Pour la chercheuse américaine Elizabeth Perego, l’humour algérien a la particularité depuis la colonisation de se tourner vers l’autodérision. « On ne se moque pas de l’autre, mais de soi-même », analyse-t-elle. Si le comique se retrouvait dans les émissions de radio dans les années 1980, ce sont les caricatures qui ont pris le dessus à partir des années 1990. Aujourd’hui, les supports de l’humour sont multiples et sa diffusion est plus large et plus rapide grâce aux réseaux sociaux. L’humour algérien qui s'inspire d'identités multiples est même transnational comme en témoigne la génération d'humoristes européens d'origine algérienne.

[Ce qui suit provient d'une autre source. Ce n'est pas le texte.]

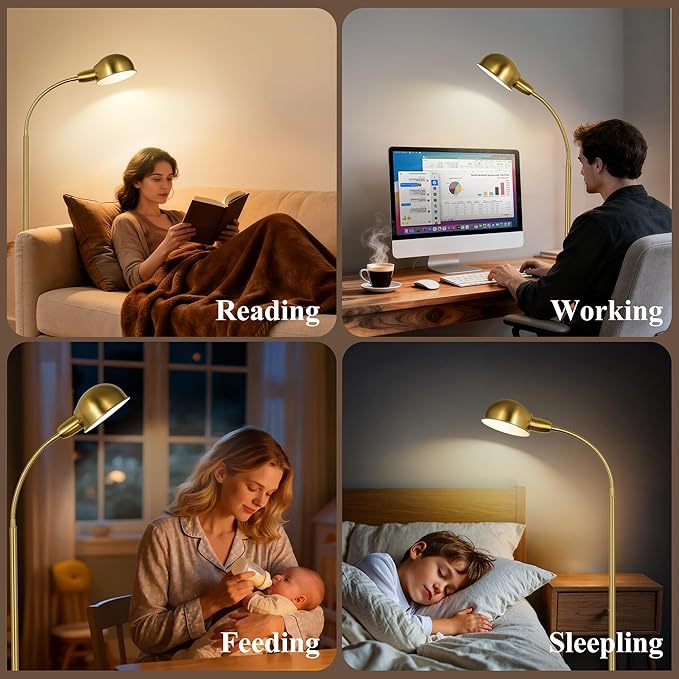 LANICHO Floor Lamp for Living Room, 63" Standing Lamp with Adjustable Gooseneck, 3 Color Temperatures, Industrial Gold Floor Lamp Reading for Bedroom, Office, 9W LED Bulb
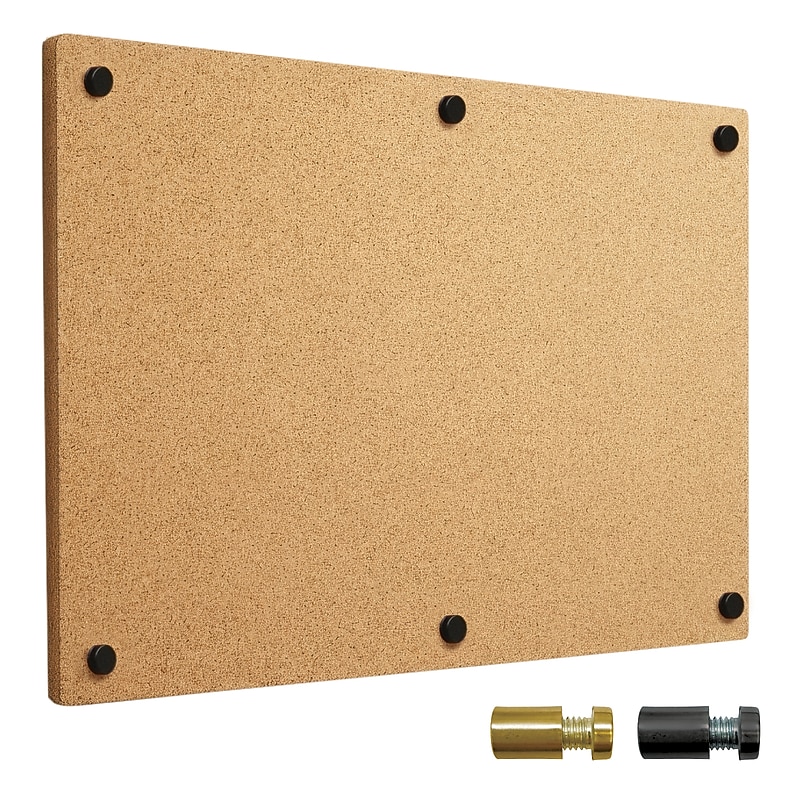 Excello Brands Cork Bulletin Board, Black and Gold Wall Posts, 24" x 36" (CRKBRD-2436-BG) image 1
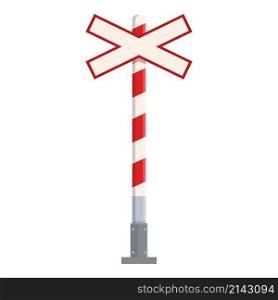 Rail road traffic icon cartoon vector. Signal barrier. Crossing stop. Rail road traffic icon cartoon vector. Signal barrier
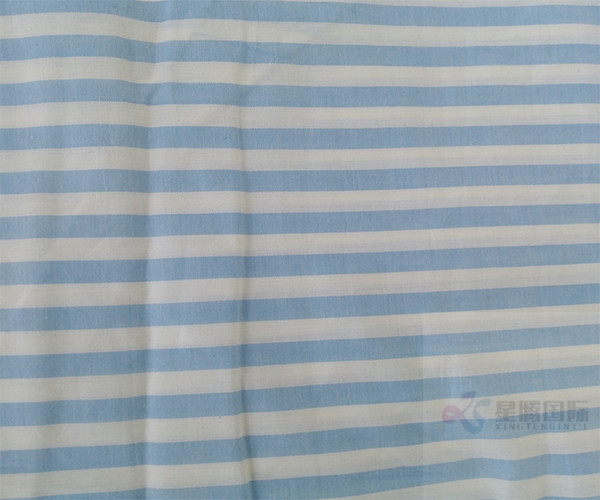 Striped Blue And White Yarn Dyed Cotton Fabric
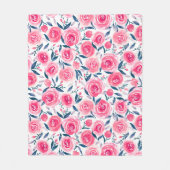 Pink Floral Waterverf Roos Patroon Fleece Deken (Voorkant)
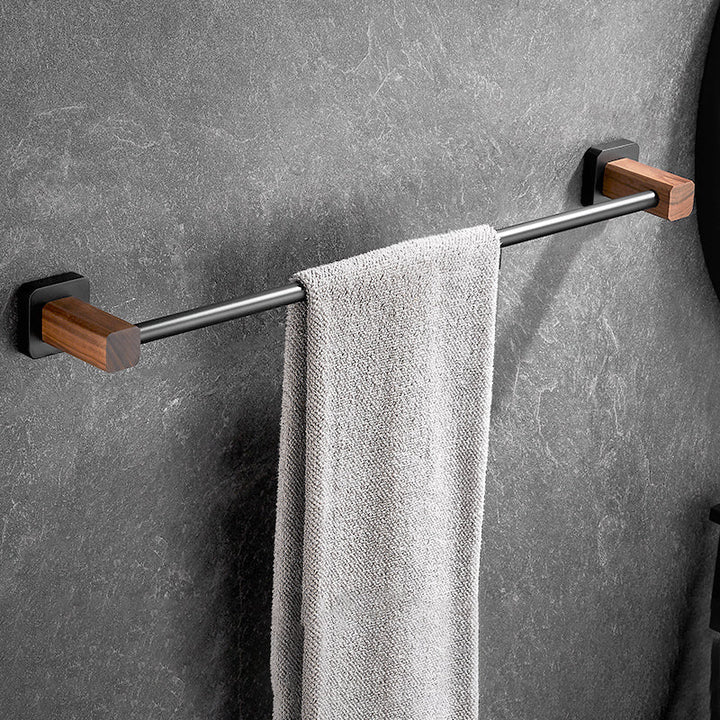 Lisslune | Modern black bathroom set bathroom shelf towel bar bathroom accessories set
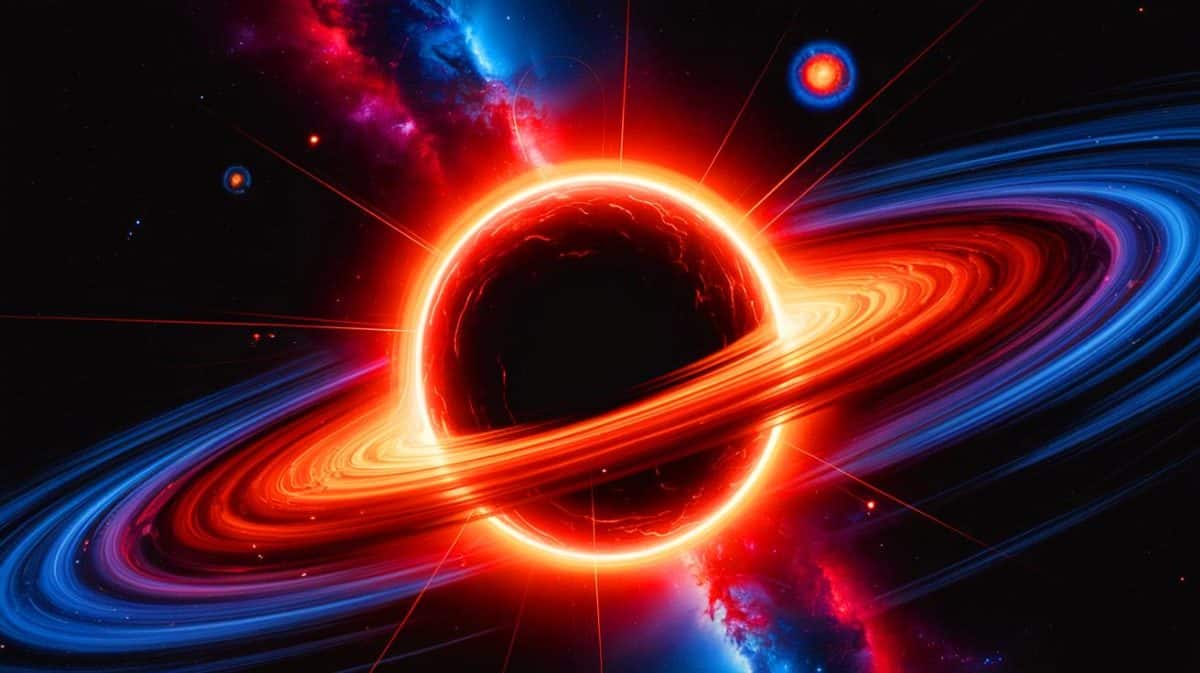 Illustration of a black hole defying the Eddington limit by growing at an unprecedented rate.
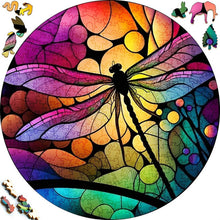 Load image into Gallery viewer, Wooden Puzzle - Rainbow Dragonfly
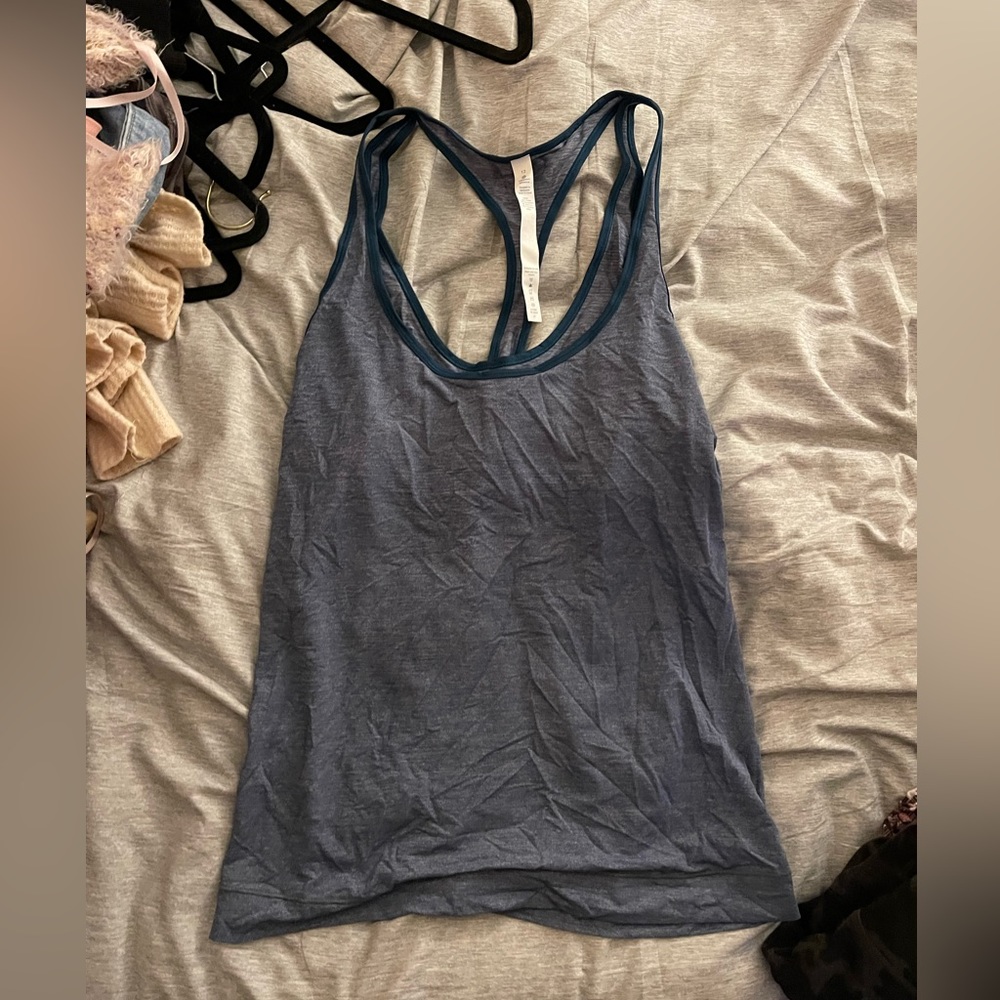 Lululemon blue tank, fun back with multiple layers - never worn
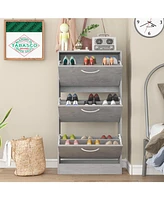 Wooden 3-door grey shoe cabinet, shutter door drawers, multi-purpose shoe rack with adjustable shelves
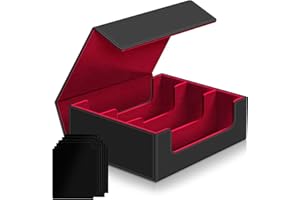 KITOYZ Card Deck Case for Trading Cards，Card Storage Box Holds 1800+ Single Sleeved Cards,PU Leather Magnetic Closure Commander Card Boxes Magic Card Holders Fit for Game Cards and Sport Cards (Black&Red)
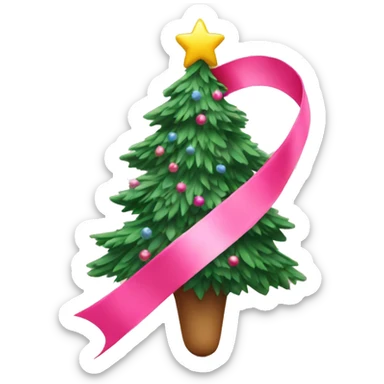 cut pink ribbon with Christmas tree sticker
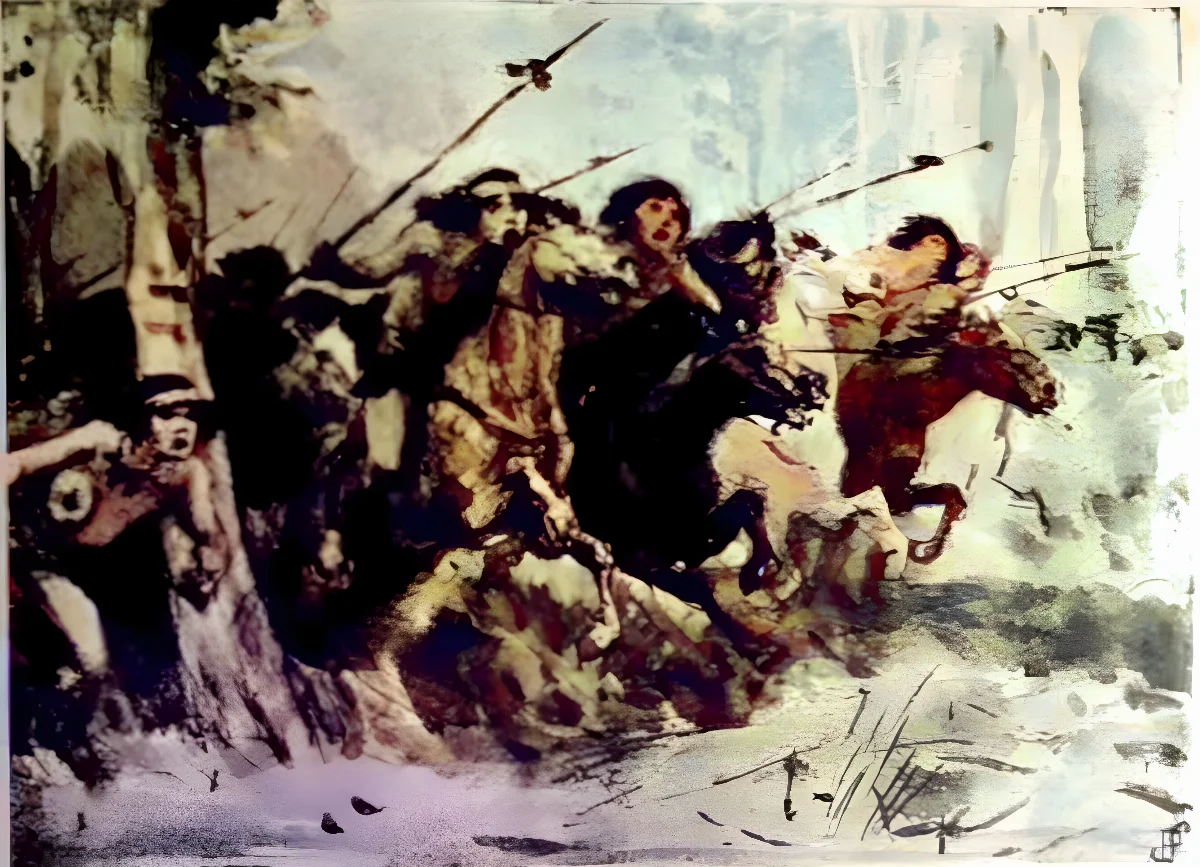 Ataque Mapuche a españoles por Subercaseaux — Temuco — 1913 | Chile de Ayer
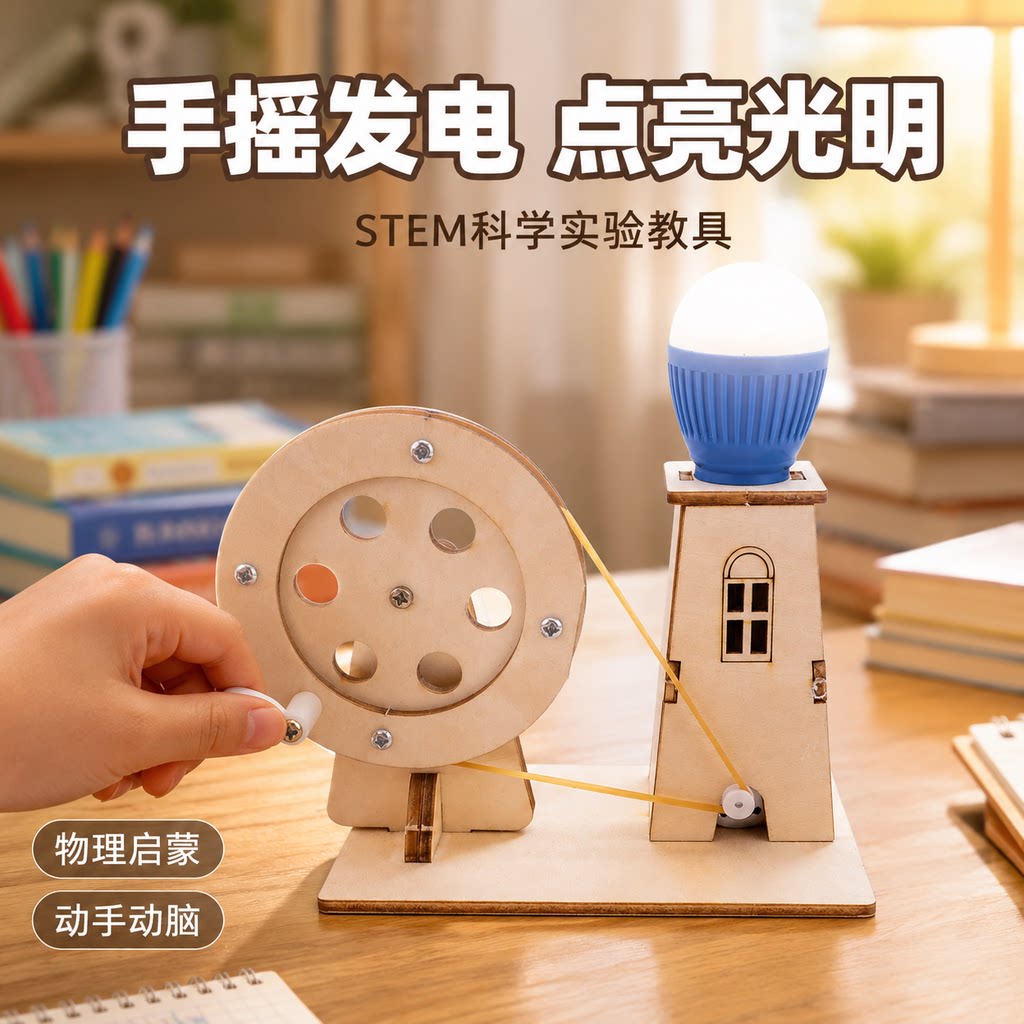 手摇发电机diy手工制作材料物理木质科技发明制作科学实验材料包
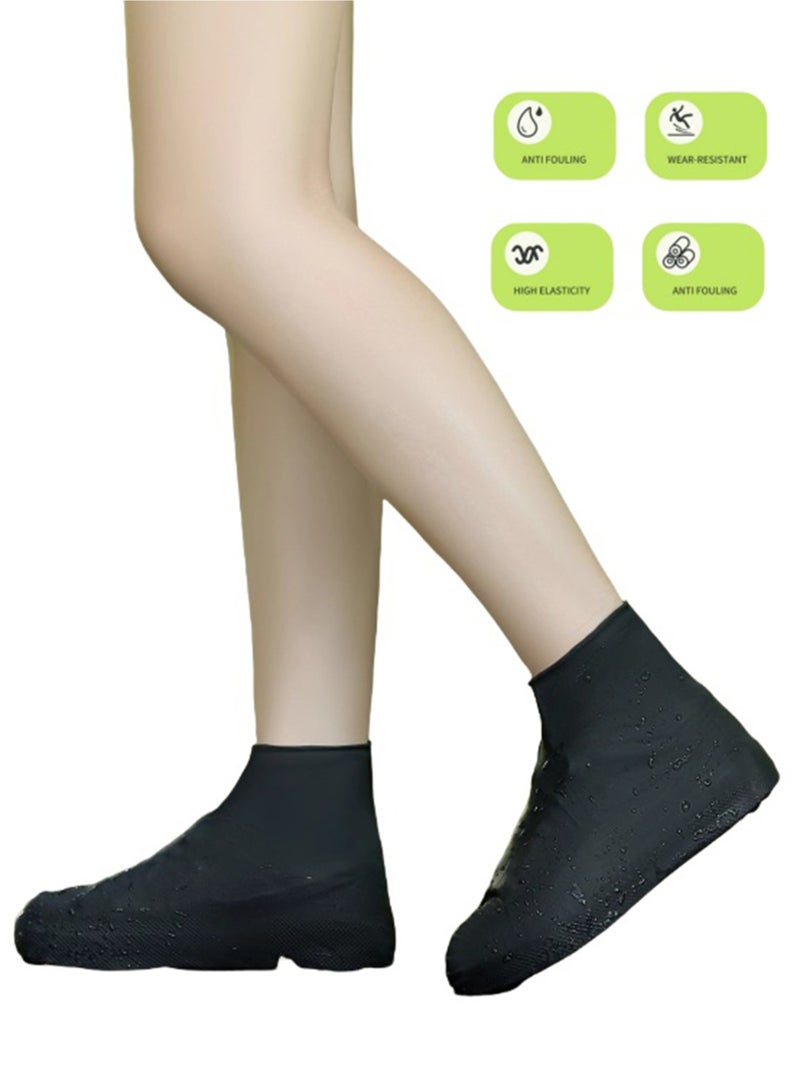 Waterproof Shoe Covers Upgraded,Rain Shoe Covers Reusable Silicone Non Slip Shoe Covers for Outdoor,Rain Shoe Covers for Women and Men,4 PCS Black(for 32-40) - Image 1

La satire politique aux mains des journalistes et des caricaturistes a joué un rôle d’avant-garde pour briser les tabous. Le caricaturiste Slim est le premier à dessiner un président algérien dans la presse nationale, en l’occurrence Chadli Bendjedid en une de l'hebdomadaire Algérie Actualité en 1984. Le président était à l'époque la risée du pays et bon nombre de blagues circulaient à son sujet.

Depuis, une nouvelle génération d’artistes, celles de Jornan El Gosto en tête, a su profiter de cette longue tradition comique pour faire passer des messages corrosifs et incisifs. Par un langage populaire et des gestes cocasses, ils mettent le politique à la portée de tous. Face aux maux de la société, ils administrent un cocktail de théâtre et d’humour, qui agit comme antidouleur.